I don’t have a Ph.D. in machine learning, and if you’re reading this blog you’re likely a beginner to the concepts, anyway. So, let’s take a look at the most basic functions of a machine learning algorithm, without getting into the math.
We’ve already covered the fundamentals of how machine learning works. Now, let’s dig a little deeper into what exactly an algorithm does with the data. Each algorithm is different, but there are some commonalities between them:
Inputs - All algorithms need some sort of input data. In data science applications that could be as little as a single variable. More likely, however, the model will be learning the relationship between tens, hundreds, or even thousands of variables at any time.
For more complex applications, like computer vision, we need ways to turn visual information into variables that the computer can understand. There are different approaches depending on the context and problem you’re trying to solve.
Needless to say, even inputting data to an algorithm can be complicated, before the machine even does any learning. Choosing or creating an algorithm is highly dependent on the data you have to feed it and the context.

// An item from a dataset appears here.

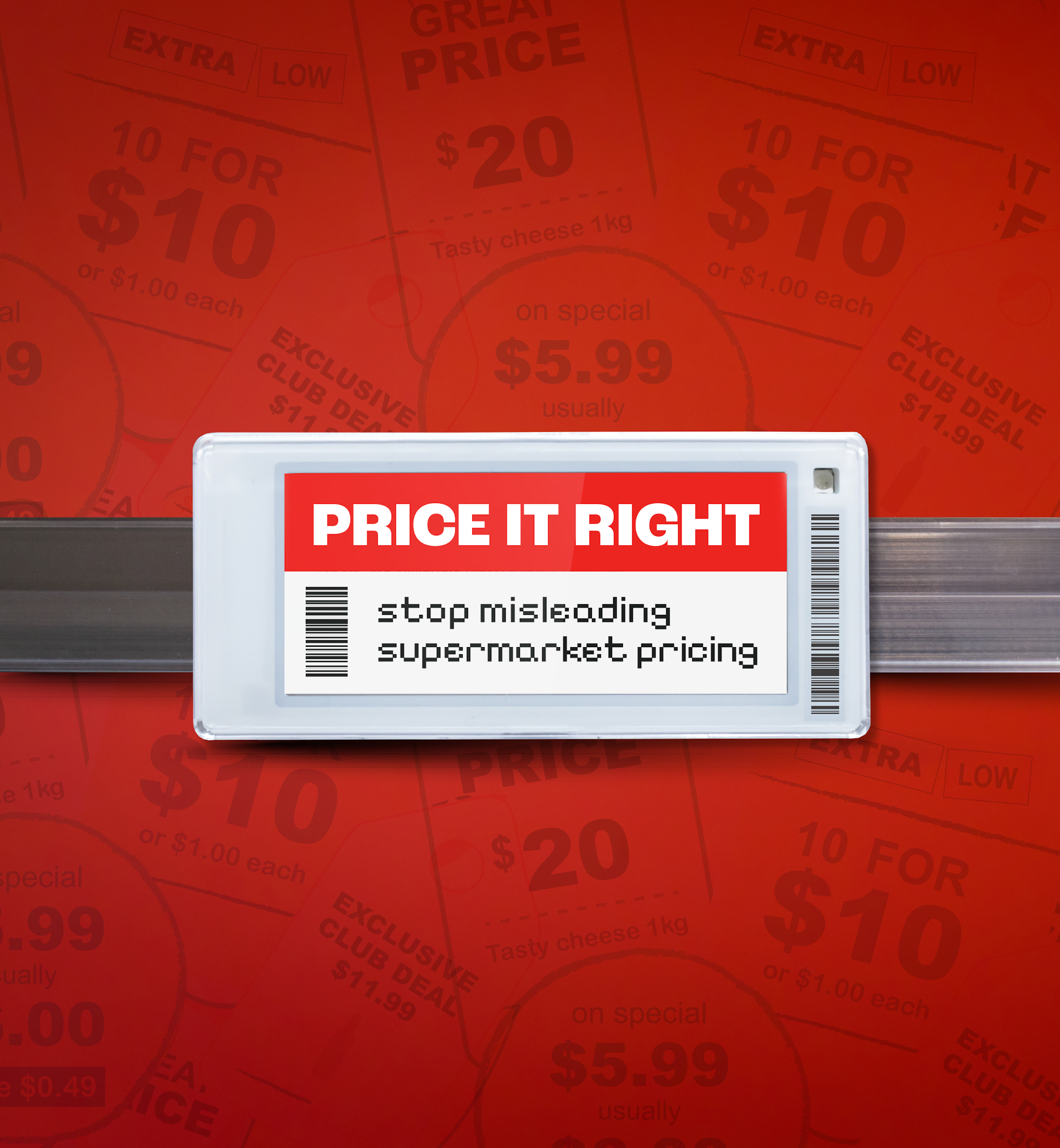 Supermarket pricing label with the words "Price It Right" on red background.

Output vectors - At the end of any machine learning project, you want some type of output. However, it’s not always clear exactly what data you’ll need to satisfy your project. Choosing output vectors can be more complicated than it seems at first.
Of course, for many projects, the output will be obvious depending on your objectives. Nevertheless, as machine learning enters areas that are more nuanced and ambiguous, choosing and coordinating outputs can be a task in itself. You can’t choose the right algorithm for your project if you don’t have a clear idea of your expected outcome.
Adjustment - Machine learning algorithms use feedback loops to fit a model to the data. This can happen in different ways. Sometimes an algorithm will try a random combination of factors until one begins to work, and that combination will receive a higher weight in future training tests.
Other times, the algorithm has a method built in for finding and fitting a trend in the data that gradually tune over time.
This is where data scientists have to be careful. Sometimes an algorithm learns to fit its training data too well. That is to say, the model has become too specific to the data that it was trained on and no longer predicts general trends or classifications in the real world.
In essence, the algorithm has learned its training data too well. This is called “overfitting” and it’s an important concept to understand in machine learning. When data scientists train models, they have to make sure that their models walk a fine line between making specific predictions and being accurate generally.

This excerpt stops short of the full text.